While he still presses any dodgy defenders like he did ten years ago, at 32 years old, he now leads the line particularly well. He knows when to hold up the ball, go for a dribble, or play a first-time pass.

With Uche Ikpeazu proving more than a handful for pretty much every defence he’s played against so far, the Naimsith-Ikpeazu partnership ticks every box you want from your forward line: athletic, intelligent, skilled and aggressive.

Few would have guessed that Naismith would be Scotland’s first choice striker when he arrived back in Edinburgh this summer, but even fewer are complaining now that he is.

Recruitment

Ikpeazu and Naismith may be standouts so far, but Hearts’ recruitment this summer has been generally excellent.

Zlamal has only let in two goals in five games, both due to freak defensive lapses.

Peter Haring has clicked superbly alongside John Souttar in defence, and has arguably turned Hearts into the league’s biggest threat from set pieces. The Austrian centre half finds space in the box comfortably and is fairly dominant in the air.

Olly Lee, Jake Mulraney and Steven Maclean have all surprised with their immediate effect on the team.
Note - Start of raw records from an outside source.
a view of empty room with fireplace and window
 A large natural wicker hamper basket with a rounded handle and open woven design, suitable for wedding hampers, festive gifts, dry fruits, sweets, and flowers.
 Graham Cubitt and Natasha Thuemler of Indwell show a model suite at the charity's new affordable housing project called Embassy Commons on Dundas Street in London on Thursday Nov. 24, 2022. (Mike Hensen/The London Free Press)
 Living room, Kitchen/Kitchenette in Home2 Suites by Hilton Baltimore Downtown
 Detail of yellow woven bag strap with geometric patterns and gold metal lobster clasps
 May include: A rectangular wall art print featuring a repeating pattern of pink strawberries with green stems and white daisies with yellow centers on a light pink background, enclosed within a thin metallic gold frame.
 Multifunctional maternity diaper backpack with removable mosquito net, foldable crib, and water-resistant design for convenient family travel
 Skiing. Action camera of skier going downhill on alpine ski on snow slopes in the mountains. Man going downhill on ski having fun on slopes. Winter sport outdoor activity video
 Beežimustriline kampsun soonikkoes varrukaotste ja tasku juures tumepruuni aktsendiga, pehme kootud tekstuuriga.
With Craig Wighton and Sean Clare near certain to become important first team members too, you feel as though Hearts have got brilliant value from their summer rebuild.

Don’t be like Aberdeen

While the summer signings have propelled Hearts further than they would have imagined, there is a recent precedent that should make Jambos cautious.

Back in 2015, Aberdeen won their first eight games in a row and were five points clear come the end of September.

With the run including a 2-1 victory over Celtic, there was a legitimate case that Aberdeen could become the first non-Glasgow based champions since their 1985 triumph.

Yet, one point in their next five games saw both Celtic and Hearts leapfrog the Pittodrie side, as their title challenge collapsed just as it begun.

This was a classic case of Aberdeen figuring out a tactic that worked, then not adapting it. Their 4-2-3-1 formation blew teams away early in the season who perhaps underestimated what new signings Graeme Shinnie and Daniel Ward would bring to the team.

Yet after these eight games, teams noticed that Aberdeen had a fairly static style of play and were pretty vulnerable defending set pieces. As such, teams began to adapt their game specifically for games against Aberdeen.

When St Johnstone won 5-1 at Pittodrie, it was clear that McInnes’ initially successful tactics had been found out.

As Hearts continue to win games, teams will pay more and more attention to their weaknesses. Earlier I mentioned the effectiveness of Peter Haring at set pieces – from now on, any manager with access to Hearts’ past games will know not to give him a spare inch in the penalty box.

So how far can this Hearts side go?

Usually at this stage of the season when a team goes on a run of form, it’s either due to a) easy fixtures or b) a reliance on one star player.

The first point is negated when you consider they’ve already beaten Celtic and won away at two of the league’s toughest away fixtures: Kilmarnock and Motherwell.

As for the second point, they’ve already lost their captain and top scorer and they’ve been absolutely fine.

Five games is way too early to call them contenders, but October will bring challenges from Aberdeen, Rangers and Hibs. If they’re still comfortably at the top of the league at that point, you’d have to naïve to think they won’t be Celtic’s biggest threat to eight in a row.